How to complete this task:
A faithful, word-for-word copy of the data below is required, without pictures.

Recorded information:
_ _ _ _ _

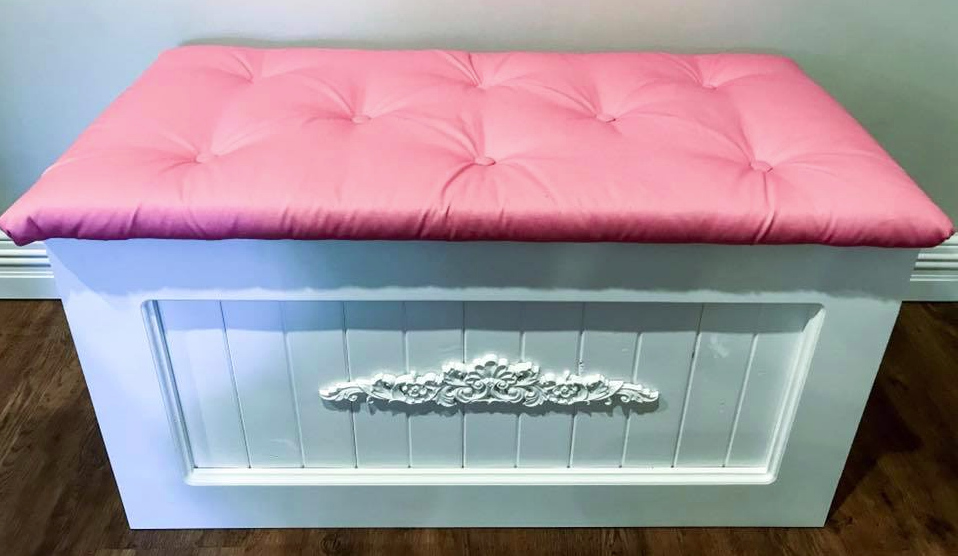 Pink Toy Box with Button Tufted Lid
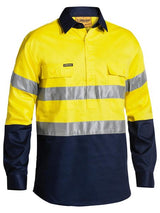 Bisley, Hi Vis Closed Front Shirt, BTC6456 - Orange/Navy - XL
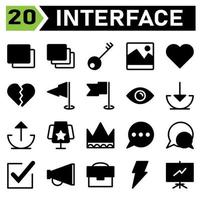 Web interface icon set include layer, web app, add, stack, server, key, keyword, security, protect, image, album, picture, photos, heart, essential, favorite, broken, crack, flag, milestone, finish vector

_ _ _ _ _

Expected answer:
 Pink Toy Box with Button Tufted Lid
 Bisley, Hi Vis Closed Front Shirt, BTC6456 - Orange/Navy - XL
 Web interface icon set include layer, web app, add, stack, server, key, keyword, security, protect, image, album, picture, photos, heart, essential, favorite, broken, crack, flag, milestone, finish vector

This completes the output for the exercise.